"He can do anything," said his mother, Sabina Berretta of Lexington, Mass. "The only thing he can't do is the monkey bars."
But as a child, he struggled with fitting in socially, and Berretta, a Boston psychiatrist, acknowledged, "We are scared about what we don't know."
"Despite our efforts to protect Giuliano, he has been, and still is, the object of blunt, hurtful, comments from young children," said Berretta, who practices at McLean Hospital in Boston. "They have stared at him, yelled out loud. 'Hey! Look! This kid is weird! He does not have a hand.' They threw sand at him because he is a 'monster,' grabbed his arm to look at it without asking and refused to be in the same room because he is 'scary.'"

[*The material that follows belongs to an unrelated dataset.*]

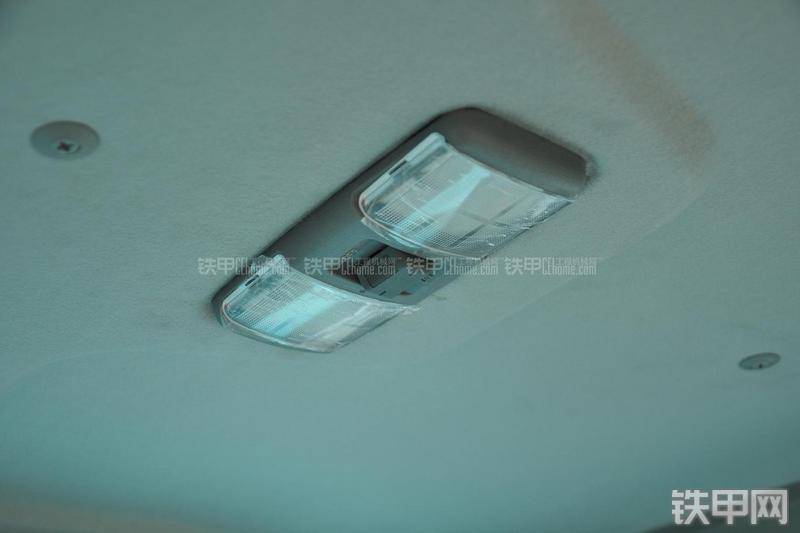 山河智能SWE150E挖掘机局部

But, she said, children were were openly told about Giuliano's condition and were able to ask questions, quickly forgot their differences.

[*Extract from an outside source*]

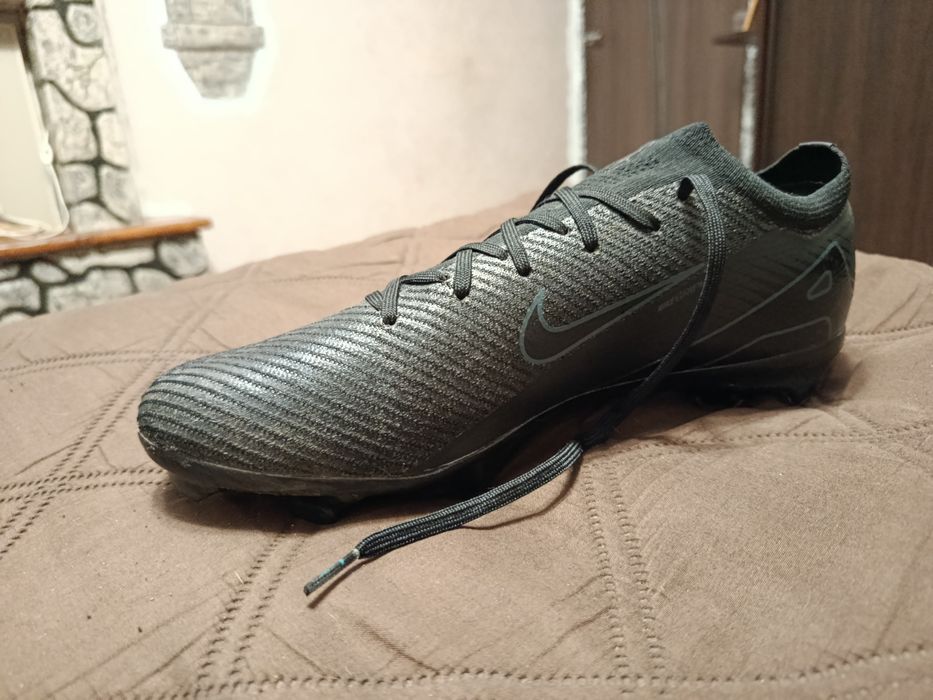 Бутси Air Zoom Mercurial Vapor 16 Elite FG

Giuliano said he wished there were more television hosts like BBC's Burnell, who might teach children about differences rather than sending a negative message like, "Oh they look different and can't do what we can do. They're really bad and scary.
"I understand people are curious," he said. "But if they can look at it on TV, then they won't stare when they see someone on the street. It makes it a lot easier for us. Some of us have blue eyes, some have green; some have black hair, some are blond; some have two arms and some of us have one."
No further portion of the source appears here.